Semi-supervised clustering: probabilistic models, algorithms and experiments



Journal Title

Journal ISSN

Volume Title



Clustering is one of the most common data mining tasks, used frequently for data categorization and analysis in both industry and academia. The focus of our research is on semi-supervised clustering, where we study how prior knowledge, gathered either from automated information sources or human supervision, can be incorporated into clustering algorithms. In this thesis, we present probabilistic models for semi-supervised clustering, develop algorithms based on these models and empirically validate their performances by extensive experiments on data sets from different domains, e.g., text analysis, hand-written character recognition, and bioinformatics.

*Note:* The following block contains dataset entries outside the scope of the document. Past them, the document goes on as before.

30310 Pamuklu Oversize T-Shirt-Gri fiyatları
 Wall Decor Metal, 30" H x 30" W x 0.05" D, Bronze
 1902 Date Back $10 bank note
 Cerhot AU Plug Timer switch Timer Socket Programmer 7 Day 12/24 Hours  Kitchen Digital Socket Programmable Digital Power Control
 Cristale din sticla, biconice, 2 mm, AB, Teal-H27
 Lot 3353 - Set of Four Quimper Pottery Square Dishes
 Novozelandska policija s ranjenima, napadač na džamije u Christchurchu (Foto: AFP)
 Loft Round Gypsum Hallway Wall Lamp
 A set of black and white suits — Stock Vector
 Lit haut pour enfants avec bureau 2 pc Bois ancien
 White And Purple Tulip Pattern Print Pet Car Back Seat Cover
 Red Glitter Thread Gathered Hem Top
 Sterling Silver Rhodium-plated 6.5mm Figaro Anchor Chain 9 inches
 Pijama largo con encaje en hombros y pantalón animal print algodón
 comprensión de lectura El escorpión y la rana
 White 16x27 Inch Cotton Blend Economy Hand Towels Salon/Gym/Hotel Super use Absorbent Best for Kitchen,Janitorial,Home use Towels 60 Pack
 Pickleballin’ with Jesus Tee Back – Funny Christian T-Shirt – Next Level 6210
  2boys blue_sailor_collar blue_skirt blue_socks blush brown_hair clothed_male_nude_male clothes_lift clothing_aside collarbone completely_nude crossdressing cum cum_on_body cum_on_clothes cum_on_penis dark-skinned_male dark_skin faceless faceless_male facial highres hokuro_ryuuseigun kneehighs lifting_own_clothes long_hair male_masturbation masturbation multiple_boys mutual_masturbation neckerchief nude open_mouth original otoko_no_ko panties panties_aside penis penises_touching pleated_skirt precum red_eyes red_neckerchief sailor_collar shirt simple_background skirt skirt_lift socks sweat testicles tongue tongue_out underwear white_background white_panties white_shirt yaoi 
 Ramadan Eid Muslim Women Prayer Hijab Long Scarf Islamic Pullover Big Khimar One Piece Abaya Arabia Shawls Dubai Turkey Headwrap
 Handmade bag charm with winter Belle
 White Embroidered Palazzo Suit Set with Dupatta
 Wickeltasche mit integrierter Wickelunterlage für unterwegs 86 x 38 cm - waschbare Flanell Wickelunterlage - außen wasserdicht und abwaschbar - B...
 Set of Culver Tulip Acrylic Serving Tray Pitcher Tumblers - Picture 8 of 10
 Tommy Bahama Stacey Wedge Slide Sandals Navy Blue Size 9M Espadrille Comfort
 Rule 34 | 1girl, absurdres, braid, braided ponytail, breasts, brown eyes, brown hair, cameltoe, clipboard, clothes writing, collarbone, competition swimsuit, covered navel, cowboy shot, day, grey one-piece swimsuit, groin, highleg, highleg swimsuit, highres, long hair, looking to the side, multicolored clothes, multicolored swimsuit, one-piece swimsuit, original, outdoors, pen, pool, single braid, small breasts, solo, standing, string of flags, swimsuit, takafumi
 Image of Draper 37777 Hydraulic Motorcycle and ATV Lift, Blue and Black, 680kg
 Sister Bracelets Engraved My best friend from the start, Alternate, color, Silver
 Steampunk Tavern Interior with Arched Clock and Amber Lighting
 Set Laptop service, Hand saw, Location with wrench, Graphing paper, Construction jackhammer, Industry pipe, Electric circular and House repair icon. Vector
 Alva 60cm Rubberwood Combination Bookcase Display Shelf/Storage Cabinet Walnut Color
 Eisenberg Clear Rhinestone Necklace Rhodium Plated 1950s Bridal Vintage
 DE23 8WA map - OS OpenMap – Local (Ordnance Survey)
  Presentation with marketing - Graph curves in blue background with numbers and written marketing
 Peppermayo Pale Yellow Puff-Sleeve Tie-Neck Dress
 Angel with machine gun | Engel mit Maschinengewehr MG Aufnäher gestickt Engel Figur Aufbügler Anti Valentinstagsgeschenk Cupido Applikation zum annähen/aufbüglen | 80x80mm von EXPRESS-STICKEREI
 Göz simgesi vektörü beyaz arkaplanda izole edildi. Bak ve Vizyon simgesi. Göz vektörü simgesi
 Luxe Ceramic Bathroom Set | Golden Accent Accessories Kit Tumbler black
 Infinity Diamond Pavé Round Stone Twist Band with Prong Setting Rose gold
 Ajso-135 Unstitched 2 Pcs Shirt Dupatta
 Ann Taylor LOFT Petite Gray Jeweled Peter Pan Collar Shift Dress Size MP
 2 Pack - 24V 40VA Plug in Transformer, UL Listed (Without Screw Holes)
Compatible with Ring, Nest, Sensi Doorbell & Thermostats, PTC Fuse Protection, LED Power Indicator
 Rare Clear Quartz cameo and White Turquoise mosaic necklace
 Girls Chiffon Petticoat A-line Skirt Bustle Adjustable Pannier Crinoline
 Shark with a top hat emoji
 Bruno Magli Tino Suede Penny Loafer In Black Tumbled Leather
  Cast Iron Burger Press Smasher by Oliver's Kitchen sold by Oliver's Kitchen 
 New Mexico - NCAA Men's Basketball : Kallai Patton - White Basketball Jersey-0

In many domains where clustering is applied, some prior knowledge is available either in the form of labeled data (specifying the category to which an instance belongs) or pairwise constraints on some of the instances (specifying whether two instances should be in same or different clusters). In this thesis, we first analyze effective methods of incorporating labeled supervision into prototype-based clustering algorithms, and propose two variants of the well-known KMeans algorithm that can improve their performance with limited labeled data. We then focus on the problem of semi-supervised clustering with constraints and show how this problem can be studied in the framework of a well-defined probabilistic generative model of a Hidden Markov Random Field. We derive an efficient KMeans-type iterative algorithm, HMRF-KMeans, for optimizing a semi-supervised clustering objective function defined on the HMRF model. We also give convergence guarantees of our algorithm for a large class of clustering distortion measures (e.g., squared Euclidean distance, KL divergence, and cosine distance). Finally, we develop an active learning algorithm for acquiring maximally informative pairwise constraints in an interactive query-driven framework, which to our knowledge is the first active learning algorithm for semi-supervised clustering with constraints. Other interesting problems of semi-supervised clustering that we discuss in this thesis include (1) semi-supervised graph-based clustering using kernels, (2) using prior knowledge to improve overlapping clustering of data, (3) integration of both constraintbased and distance-based semi-supervised clustering methods using the HMRF model, and (4) model selection techniques that use the available supervision to automatically select the right number of clusters.